* [ASSIGNMENT]
Could you restate the data word for word and drop the pictures?

* [SUPPLIED MATERIAL]
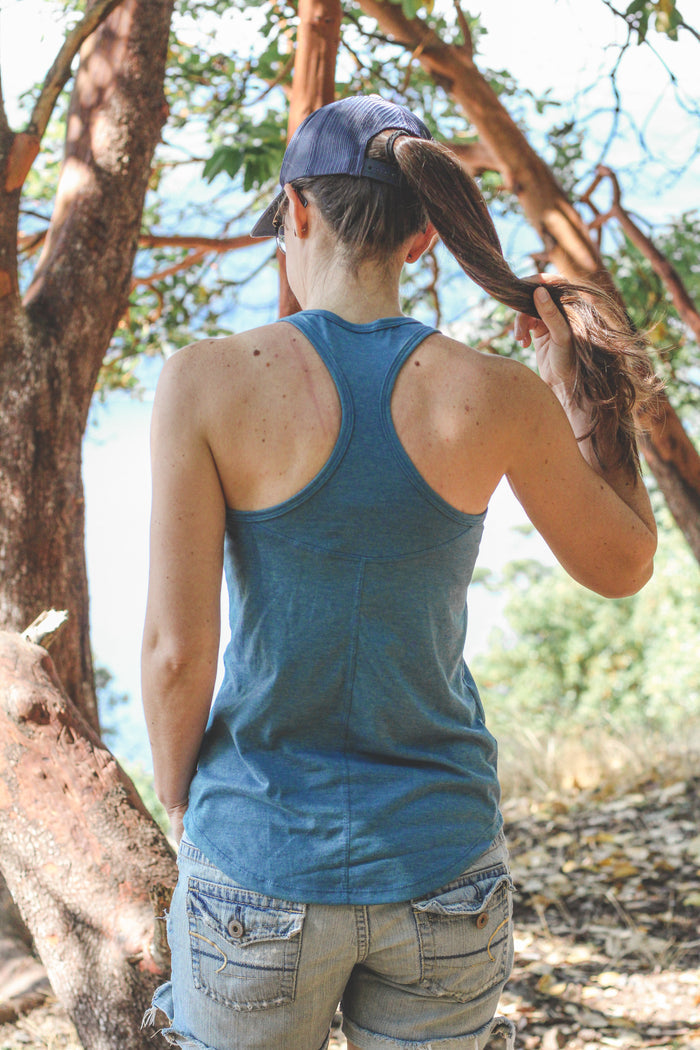 Women's Eco Racerback Tank Top - Blank Apparel - Teal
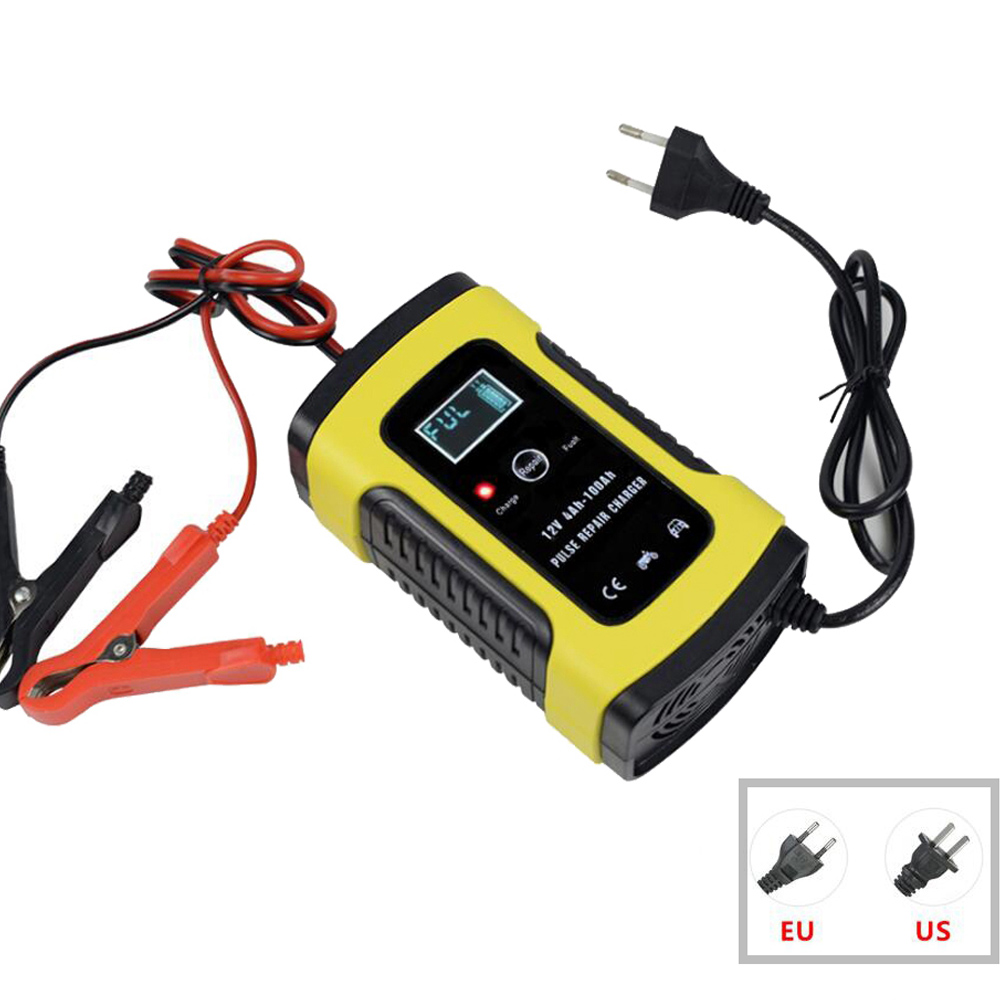 12V 6A Car Motorcycle Automatic Lead-acid Battery Charger LCD Display US/EU Plug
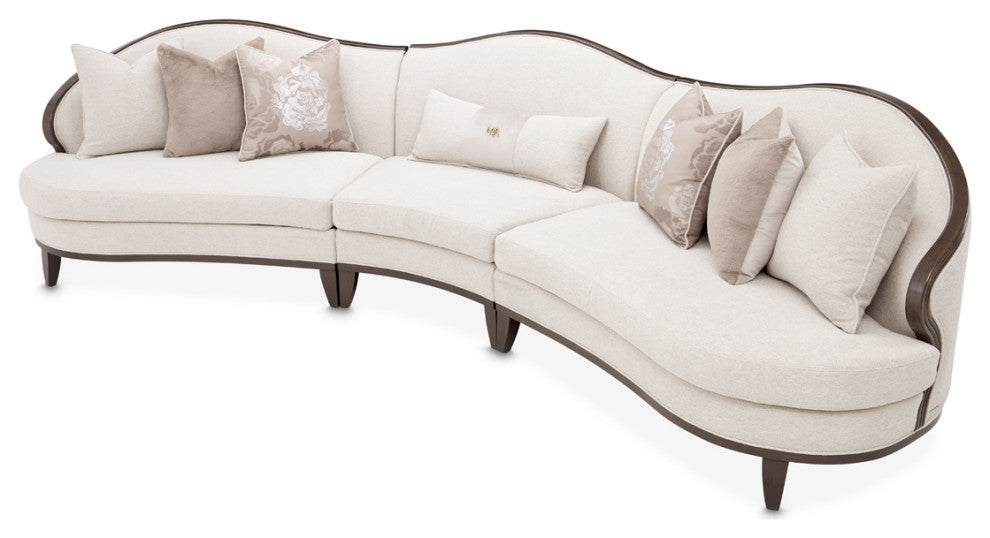Camellia Field 3-Piece Chenille Sofa, Linen/Warm Pecan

* [ANSWER TO THIS PROBLEM]
 Women's Eco Racerback Tank Top - Blank Apparel - Teal
 12V 6A Car Motorcycle Automatic Lead-acid Battery Charger LCD Display US/EU Plug
Camellia Field 3-Piece Chenille Sofa, Linen/Warm Pecan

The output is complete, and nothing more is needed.